Activity:
In the records below, the relevant part opens with the line containing "undefined Season 1" and closes with the line containing "Buy your photos"; print that part exactly and only, without its pictures.

Dataset entries:
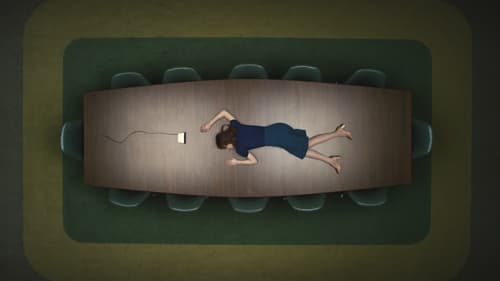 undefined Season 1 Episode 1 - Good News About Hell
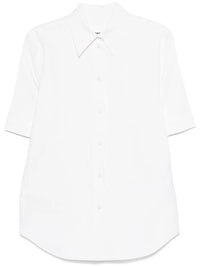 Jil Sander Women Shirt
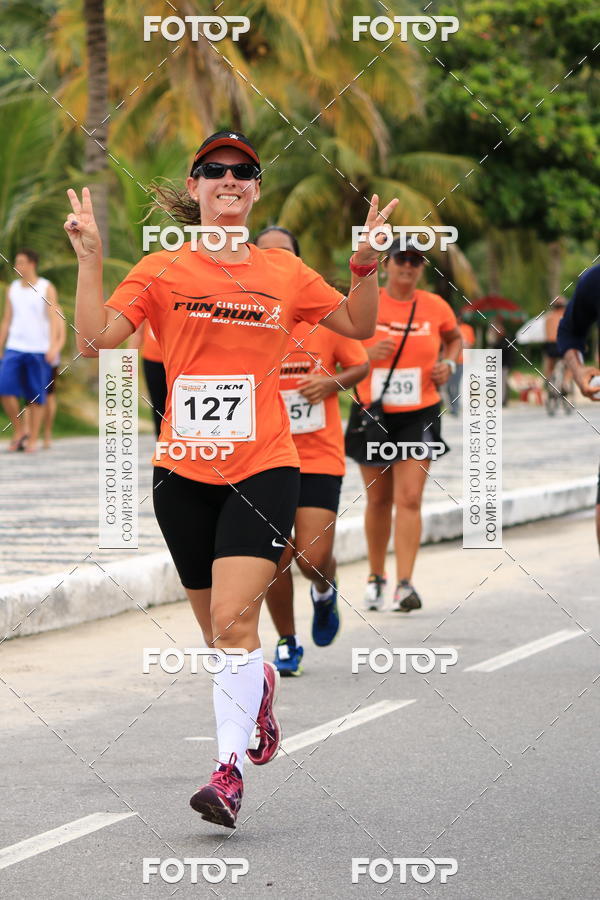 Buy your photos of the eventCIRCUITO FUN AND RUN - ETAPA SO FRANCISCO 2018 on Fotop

* * *

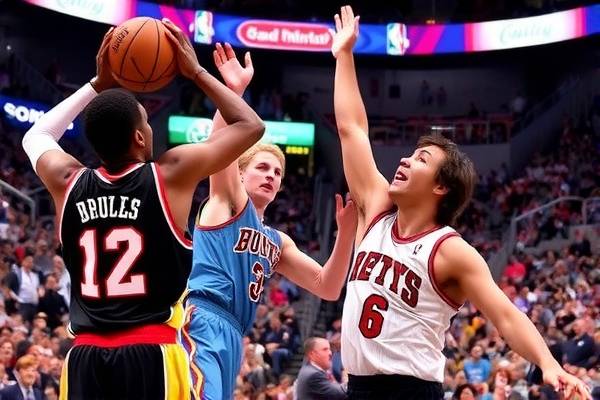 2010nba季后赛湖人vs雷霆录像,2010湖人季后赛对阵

Problem solution:
 undefined Season 1 Episode 1 - Good News About Hell
 Jil Sander Women Shirt
 Buy your photos of the eventCIRCUITO FUN AND RUN - ETAPA SO FRANCISCO 2018 on Fotop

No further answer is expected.